Öncelikle bu yasama yılının ülkemize hayırlı uğurlu olmasını diliyorum.

Yapay zekâyla ilgili araştırma komisyonunun kurulmasına ilişkin önerge üzerine partimiz adına söz almış bulunmaktayım. Dünyada teknolojik olarak önemli gelişmelerin olduğu, teknoloji üretimi ile gelişmişlik seviyesinin paralel olduğu bir gerçek iken yüksek teknoloji üretimi yani pahada ağır, yükte hafif ürün üretip satan ülkelerin kişi başına düşen gelirlerinin ne kadar yüksek olduğu düşünüldüğünde, ülke olarak teknolojik yatırımlara ve AR-GE'ye daha fazla kaynak ayırmamız gün gibi ortada durmaktadır. Yapay zekâ, günümüzde bilim, sanayi, tarım, ekonomi, ticaret, savunma gibi pek çok alanda kullanılmaktadır.

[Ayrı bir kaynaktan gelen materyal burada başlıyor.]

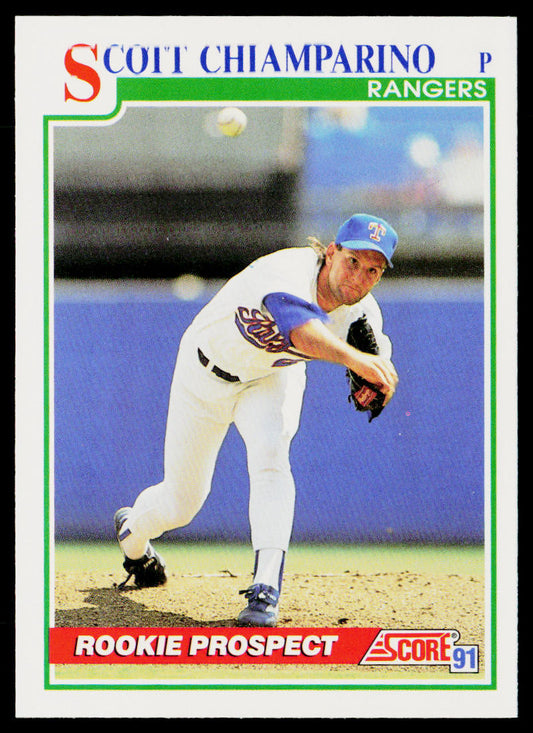 Scott Chiamparino 1991 Score #352 Texas Rangers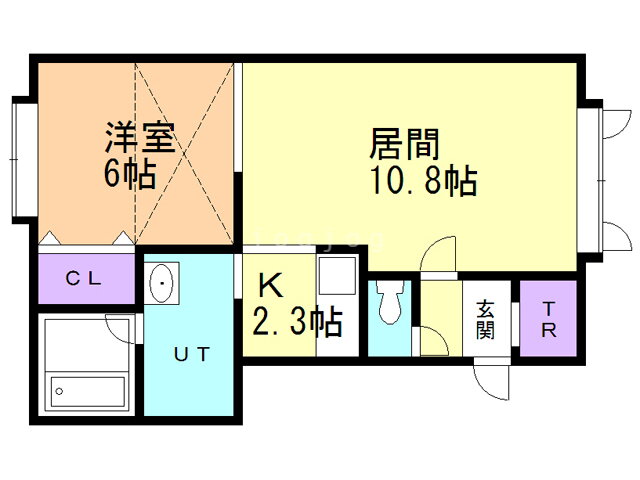 北海道旭川市東光十一条２ 1LDK アパート 賃貸物件詳細
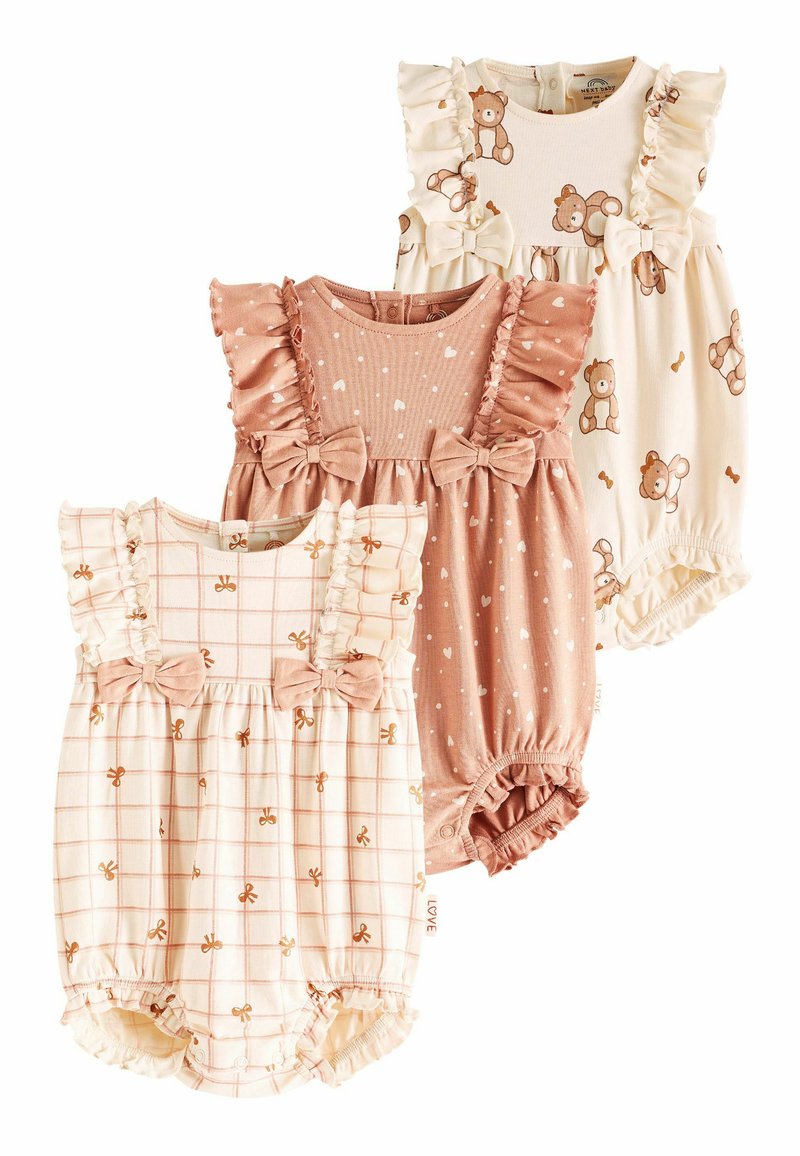 Next 3 PACK REGULAR FIT - Tuta jumpsuit - pink cream
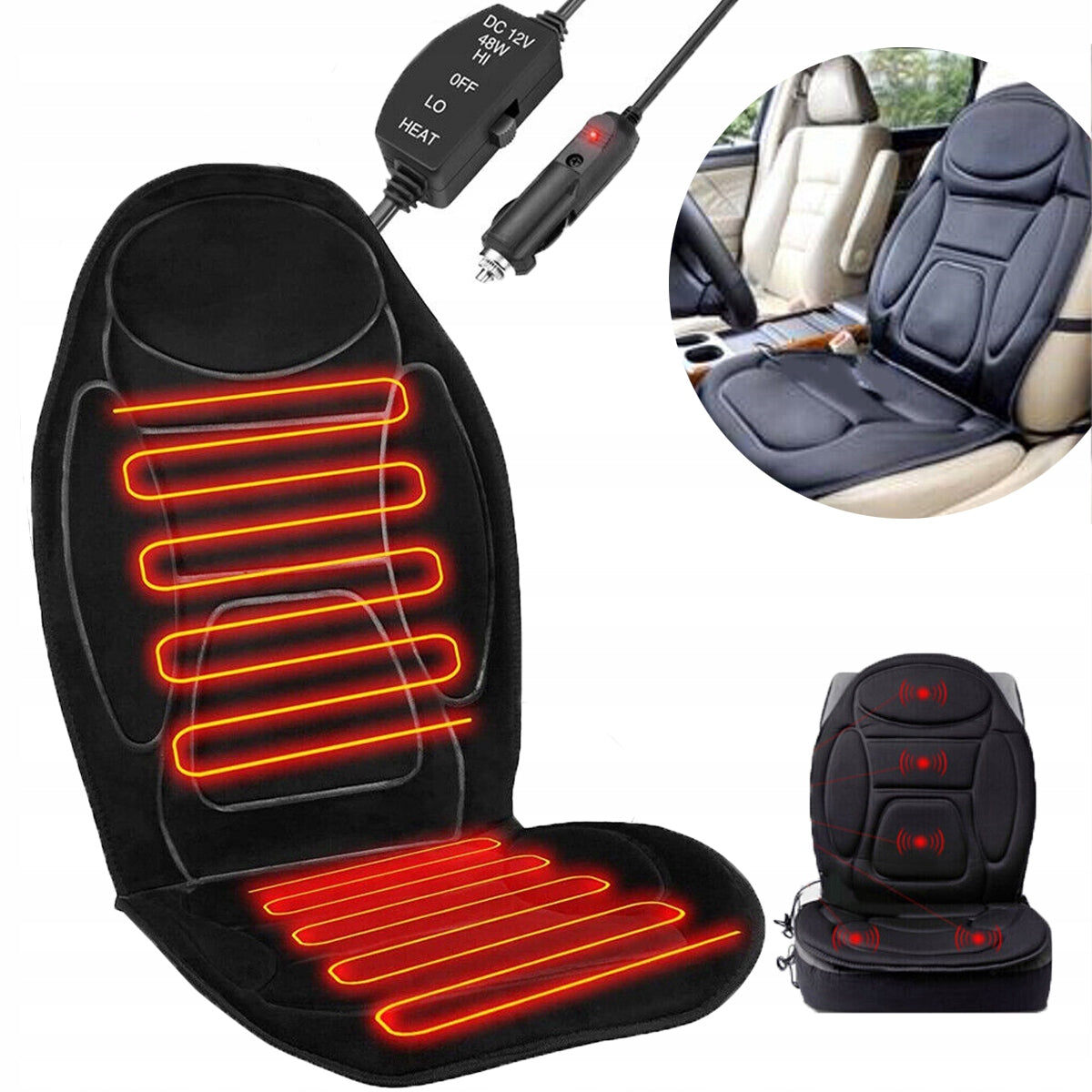 2X HEATING MAT FOR CAR SEAT HEATED 12V OCHRO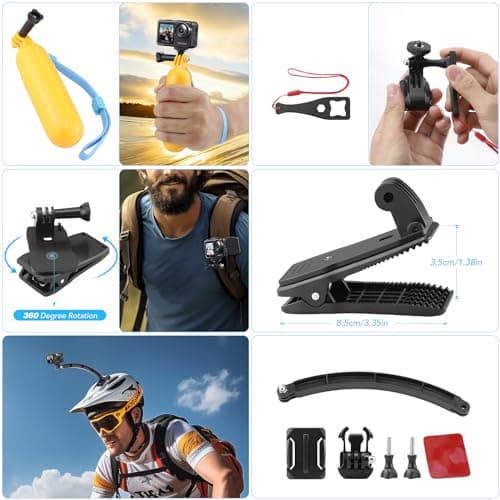 GeeKam 38-in-1 Action Camera Accessory Kit for GoPro, AKASO, DJI, Insta360 — view 4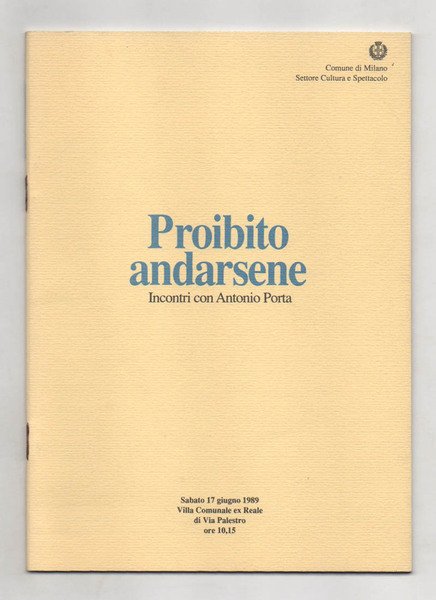 Proibito andarsene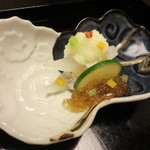 鱧の落とし・八方だしジュレ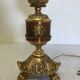 Vintage bronze lamp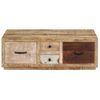 Mesa De Centro，mesa Auxiliar，mesa De Café De Madera Maciza De Mango 90x60x30 Cm Cfw772759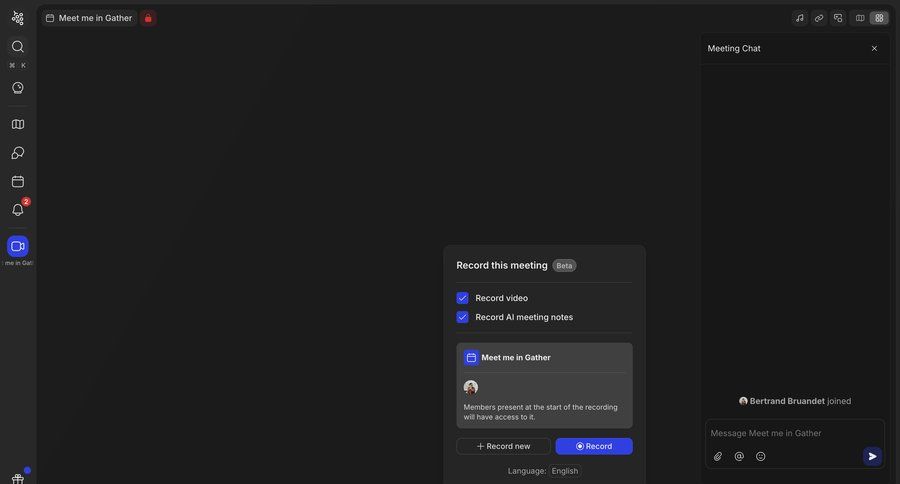 Gather
				form ui page example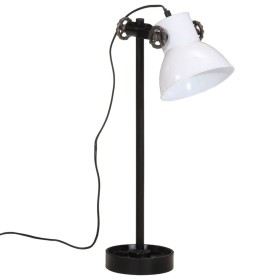 vidaXL Schreibtischlampe 25 W Weiß 15x15x55 cm E27
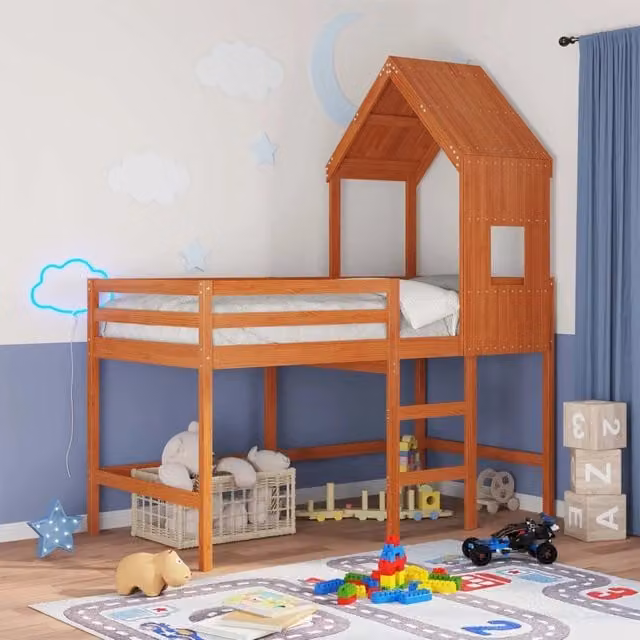 Struttura per letto soppalco Marrone Cera 90 x 190 cm 3422776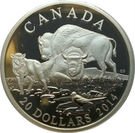 20 Dollars - Elizabeth II (Bison: A Family At Rest)
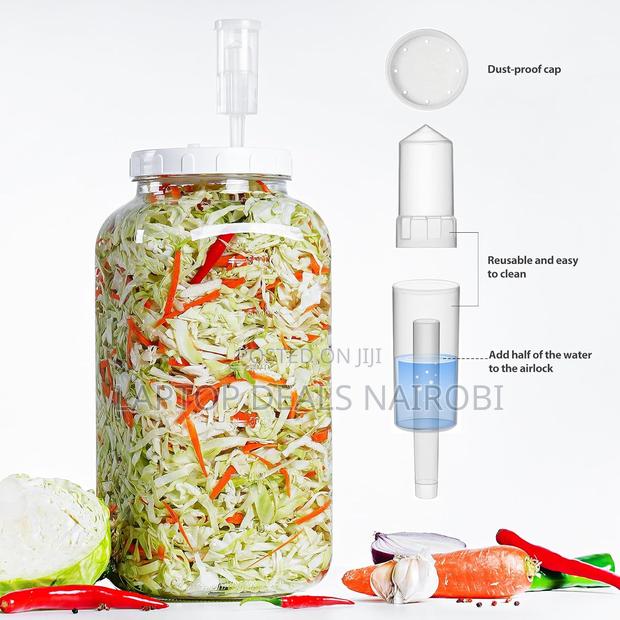 2l Fermentation Jar With a Reusable Airlock(2000ml)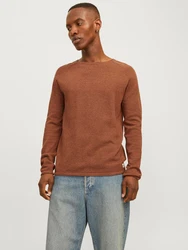 JACK & JONES Pullover 'JJEHill' cognac
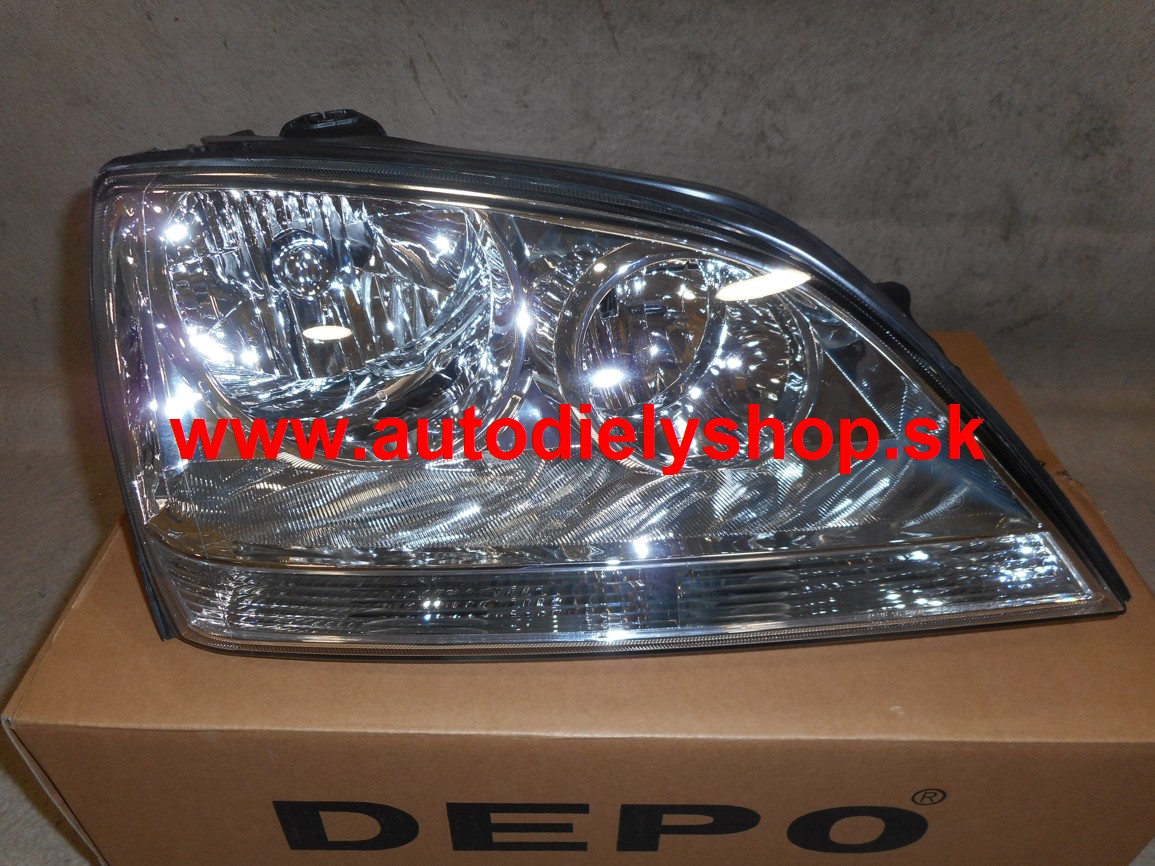 Kia SORENTO 5/02- predné svetlo H1+H7 Pravé
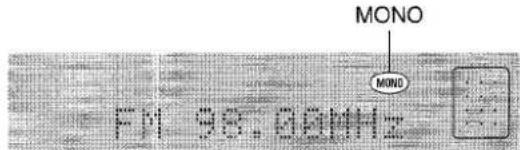 AIWA XRM88 - When an FM stereo broadcast contains noise - 1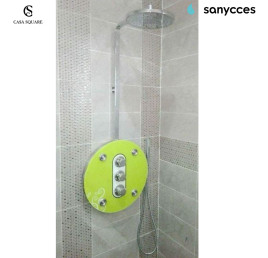 COLONNE DE DOUCHE THERMOSTATIQUE SOL COULEUR VERT (SUR STOCK)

Öte yandan, yapay zekâ, toplumların her bireyi tarafından da kullanılabilen ve çeşitli görevleri çeşitli amaçlar için otomasyon içerisinde yerine getirebilen bir teknolojiye dönüşmüş durumdadır. Ülkeler yapay zekâdan faydalanabilmek için daha önce bu alanda uzmanlaşmış bilim insanlarının tasarladıkları cihaz veya yazılımları kullanmak zorundaydılar. Bugün ise bilgisayar teknolojisinin işlem gücü, hızı ve ulaşılabilirlik gibi pek çok açıdan geliştiği günümüzde yapay zekâ, insanların gündelik sıradan görevlerinden kompleks süreçler gerektiren görevlere kadar geniş bir yelpazede kullanılmaktadır.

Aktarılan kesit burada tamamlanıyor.